» **What this task involves**
Leave the pictures out and print every record below exactly as it stands.

» **Supplied information**

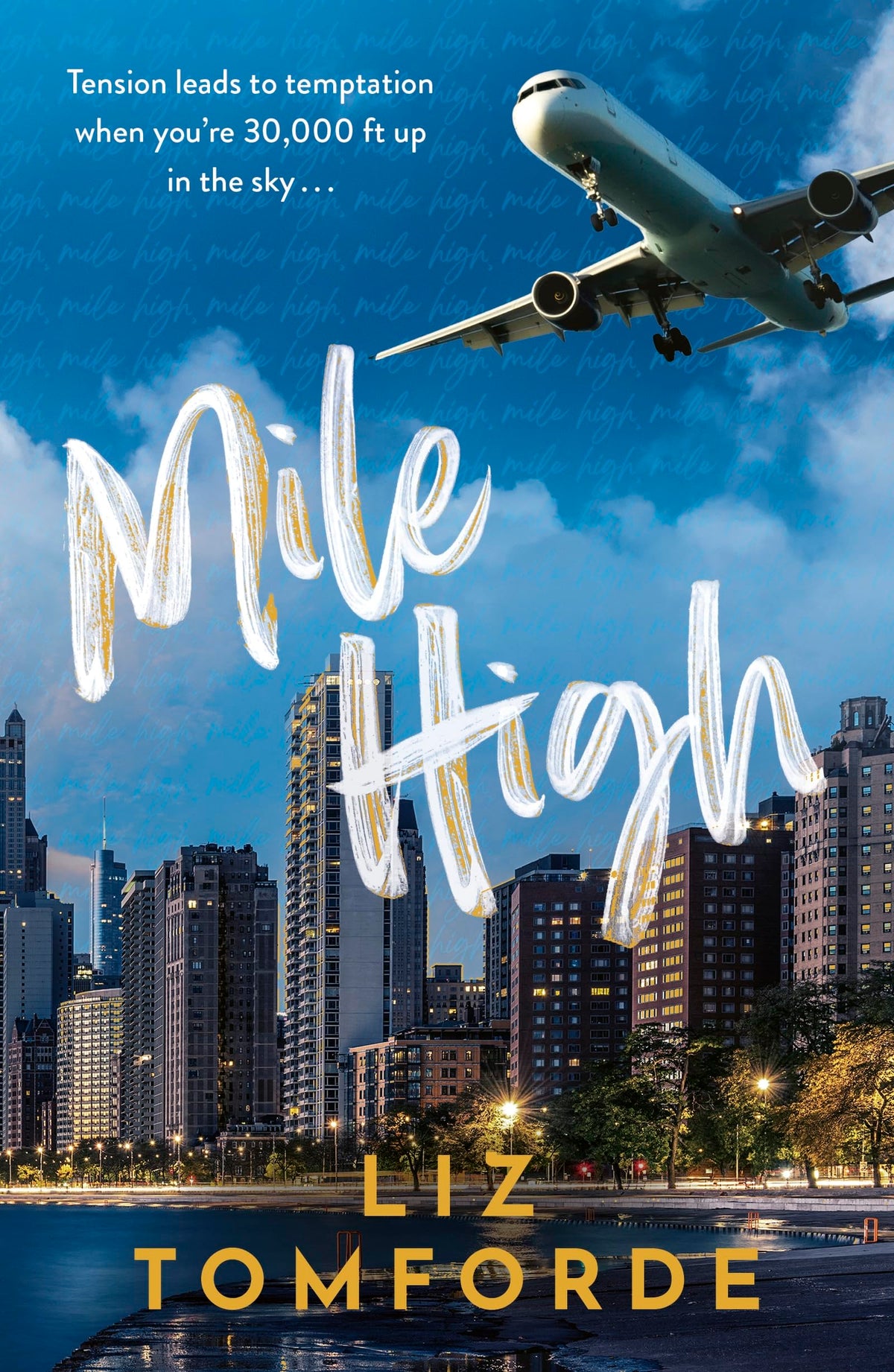 Mile High: The unputdownable first book in TikTok sensation, the Windy City series, featuring an ice hockey enemies-to-lovers sports romance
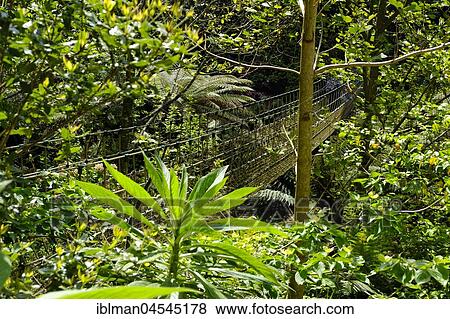 Burma suspension bridge in the Jungle, The Lost Gardens of Heligan, near St Austell, Cornwall, England, United Kingdom, Europe View Large Photo Image Stock Photo - Burma suspension bridge in the Jungle, The Lost Gardens of Heligan, near St Austell, Cornwall, England, United Kingdom, Europe. Fotosearch
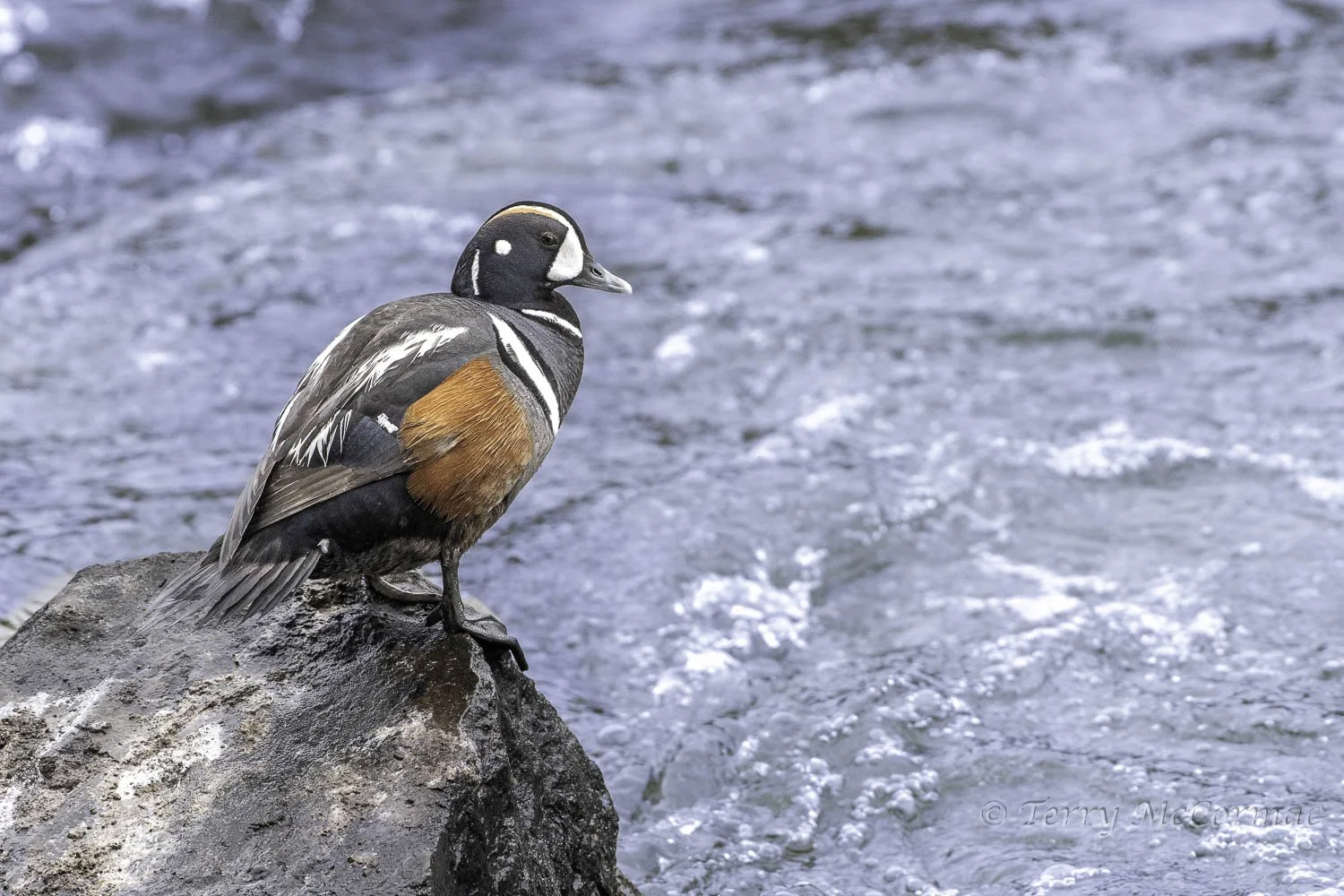 Harlequin Duck, Yellowstone National Park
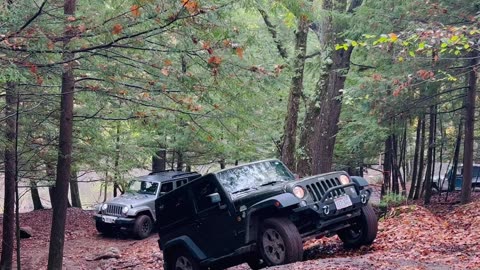 Fun in the trails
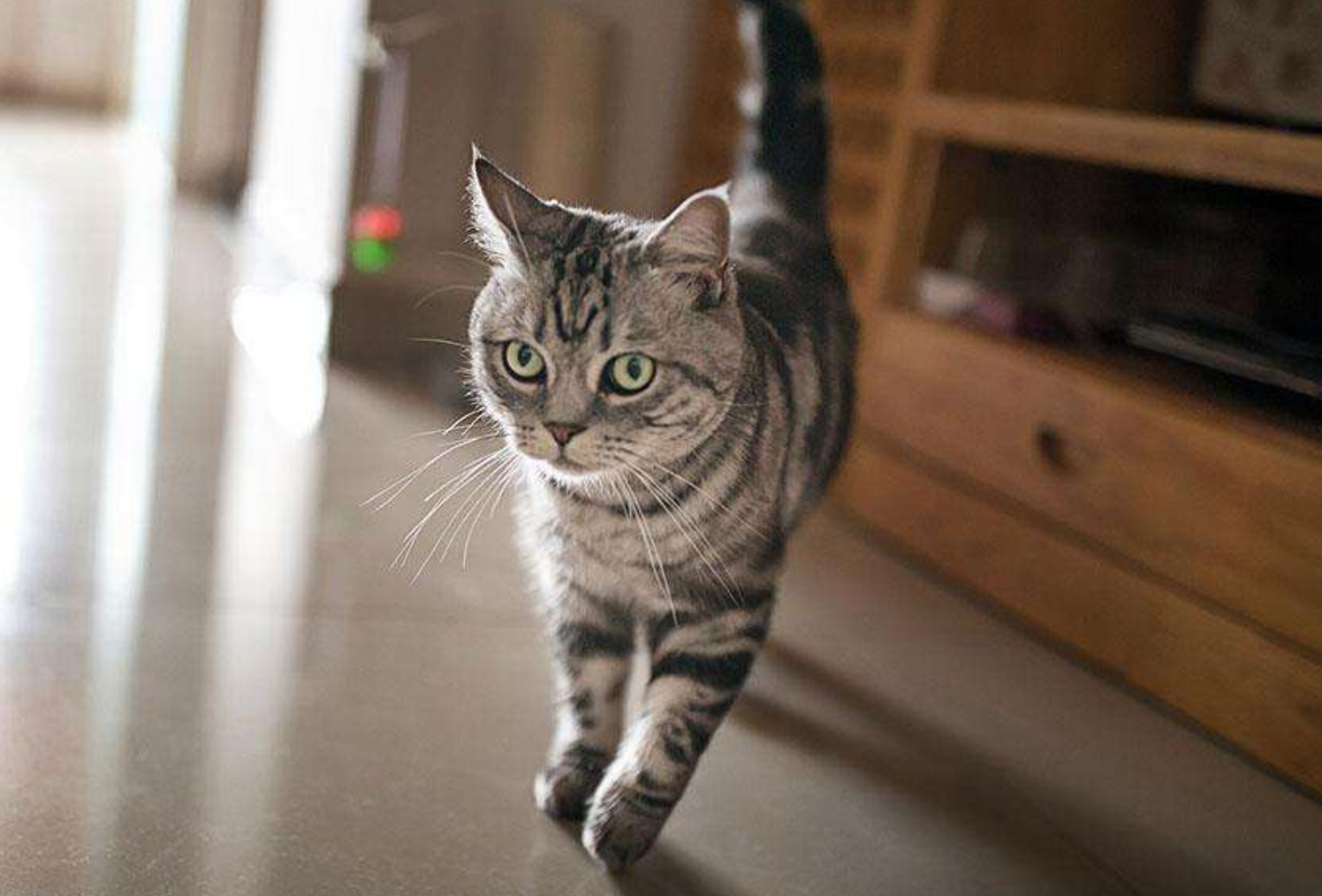 各位铲屎官,你家的喵星人会走猫步吗?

» **Written reply**
 Mile High: The unputdownable first book in TikTok sensation, the Windy City series, featuring an ice hockey enemies-to-lovers sports romance
 Burma suspension bridge in the Jungle, The Lost Gardens of Heligan, near St Austell, Cornwall, England, United Kingdom, Europe View Large Photo Image Stock Photo - Burma suspension bridge in the Jungle, The Lost Gardens of Heligan, near St Austell, Cornwall, England, United Kingdom, Europe. Fotosearch
 Harlequin Duck, Yellowstone National Park
 Fun in the trails
 各位铲屎官,你家的喵星人会走猫步吗?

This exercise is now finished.